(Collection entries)
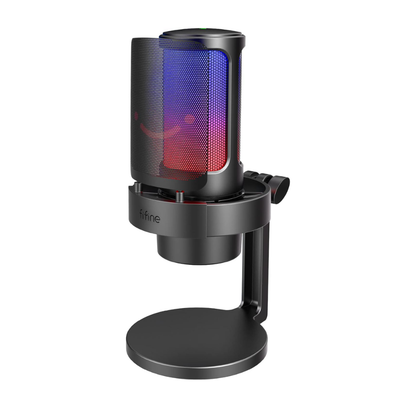 Fifine Ampligame A8 USB RGB Mikrofon - Siyah Renk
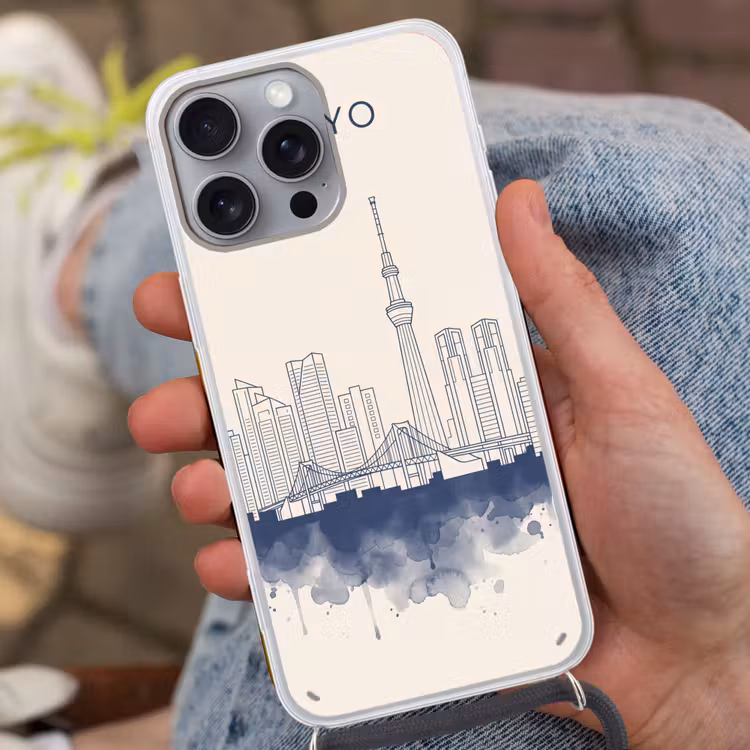 Tokyo - Skyline - Stad - Abstract - Blauw Hoesje iPhone 16 Pro Max met koord klein -sfeer3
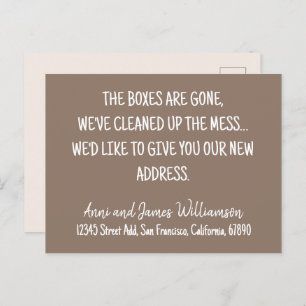 THE BOXES ARE GONE, WE'VE CLEANED UP MESS MOVING  HOLIDAY POSTCARD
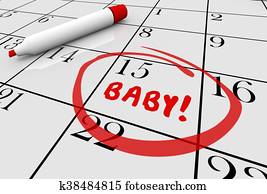Baby Due Date Delivery Pregnancy Calendar 3d Illustration Baby Due Date Delivery Pregnancy Calendar 3d Illustration
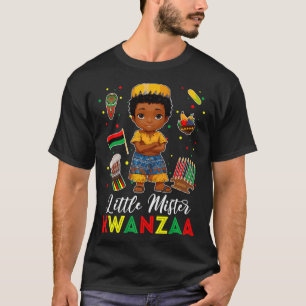 Camiseta Pequeno Senhor Kwanzaa Kinara Vela Afro-Americana
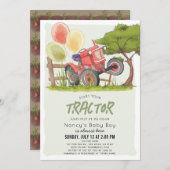Red Tractor Farm Boy Baby Dusche Einladung (Vorne/Hinten)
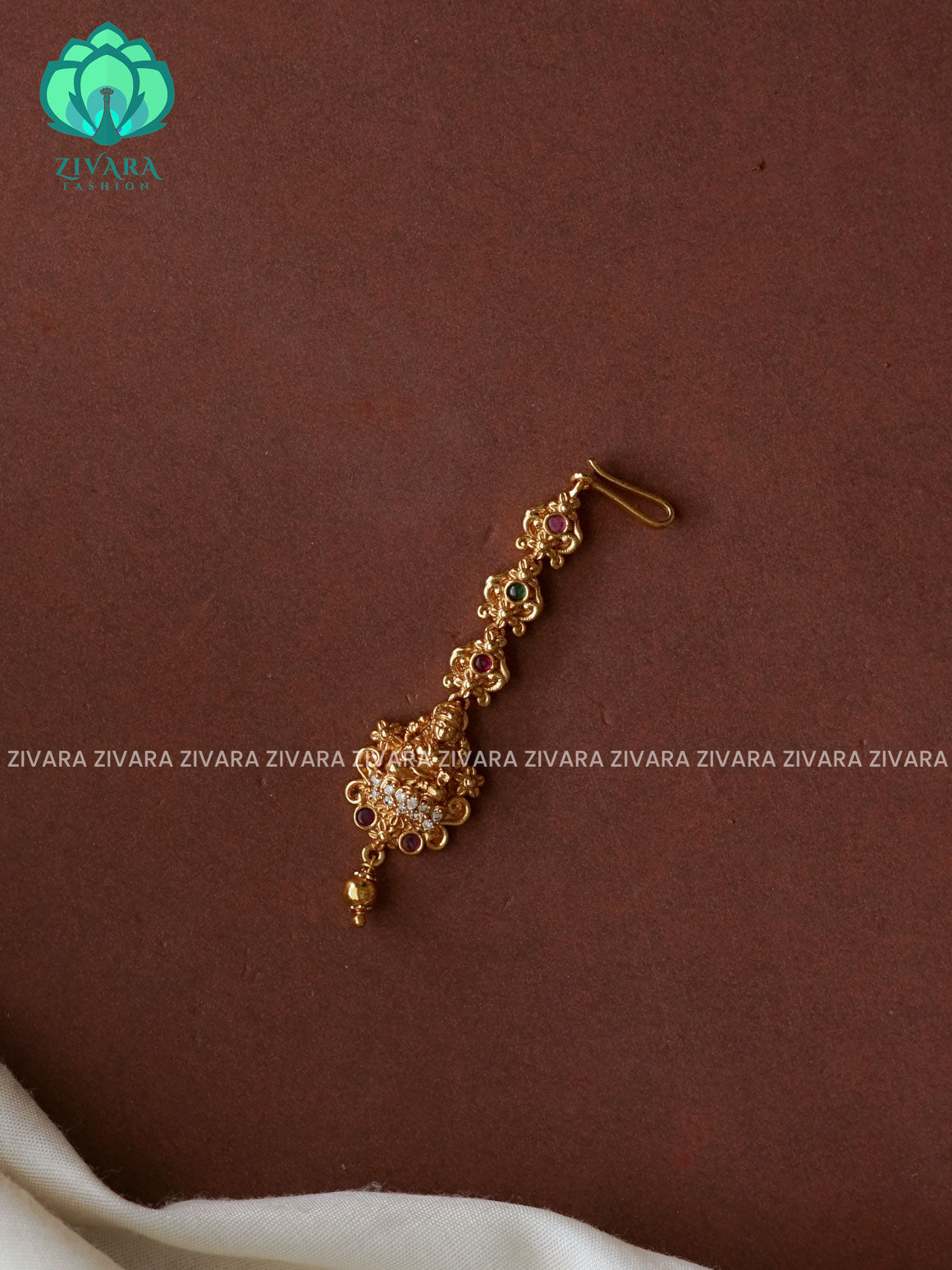 Temple style gold polish  - Bridal maang tikka, chutti- bridal head accessory- latest bridal collection - Zivara fashion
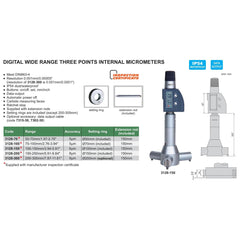 Insize Digital Three Points Micrometer Set 50-70mm/ 1.97-2.76" Range Series 3128-70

About this task: Every line above is to be written out unchanged, with the pictures omitted.

Response to the task:
 Fifine Ampligame A8 USB RGB Mikrofon - Siyah Renk
 Tokyo - Skyline - Stad - Abstract - Blauw Hoesje iPhone 16 Pro Max met koord klein -sfeer3
 THE BOXES ARE GONE, WE'VE CLEANED UP MESS MOVING  HOLIDAY POSTCARD
Baby Due Date Delivery Pregnancy Calendar 3d Illustration Baby Due Date Delivery Pregnancy Calendar 3d Illustration
 Camiseta Pequeno Senhor Kwanzaa Kinara Vela Afro-Americana
Red Tractor Farm Boy Baby Dusche Einladung (Vorne/Hinten)
 Temple style gold polish  - Bridal maang tikka, chutti- bridal head accessory- latest bridal collection - Zivara fashion
 Insize Digital Three Points Micrometer Set 50-70mm/ 1.97-2.76" Range Series 3128-70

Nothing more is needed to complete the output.